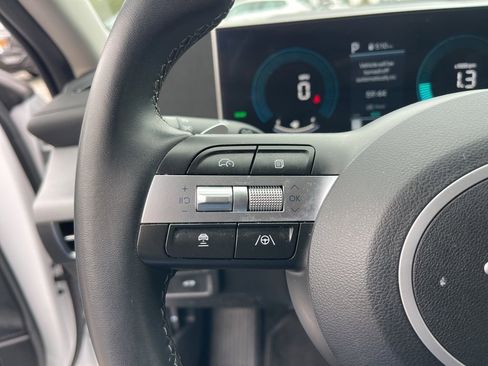 Certified 2025 Hyundai Sonata SEL image 15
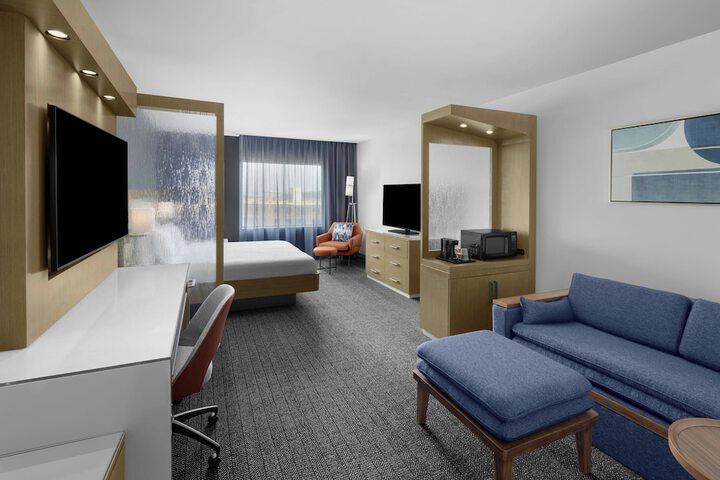 Room 16 of 47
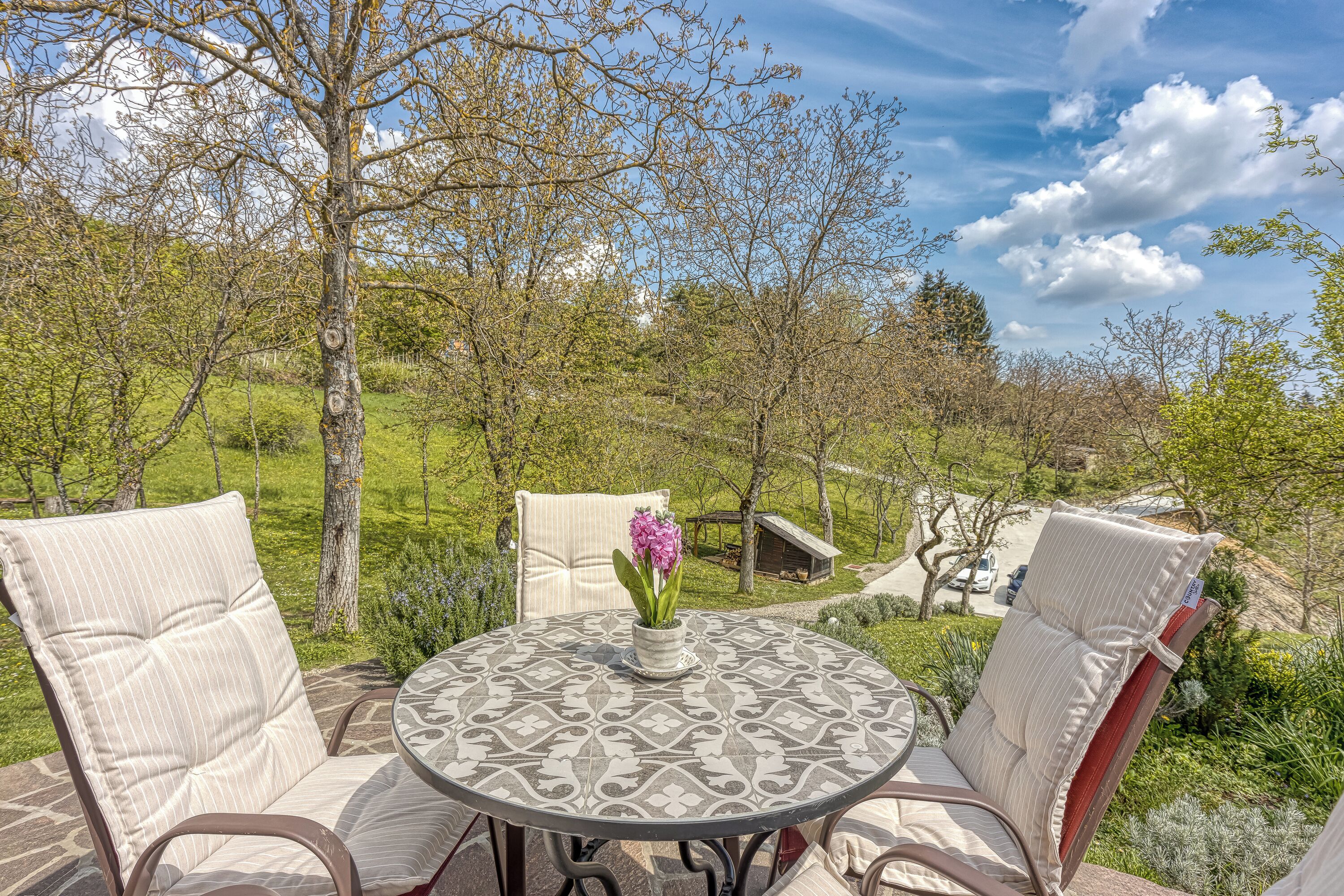 Khu ẩm thực ngoài trời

◆ EXERCISE OBJECTIVE ◆
Transcribe the listing exactly, skipping pictures.

◆ YOUR SOLUTION ◆
 Certified 2025 Hyundai Sonata SEL image 15
 Room 16 of 47
 Khu ẩm thực ngoài trời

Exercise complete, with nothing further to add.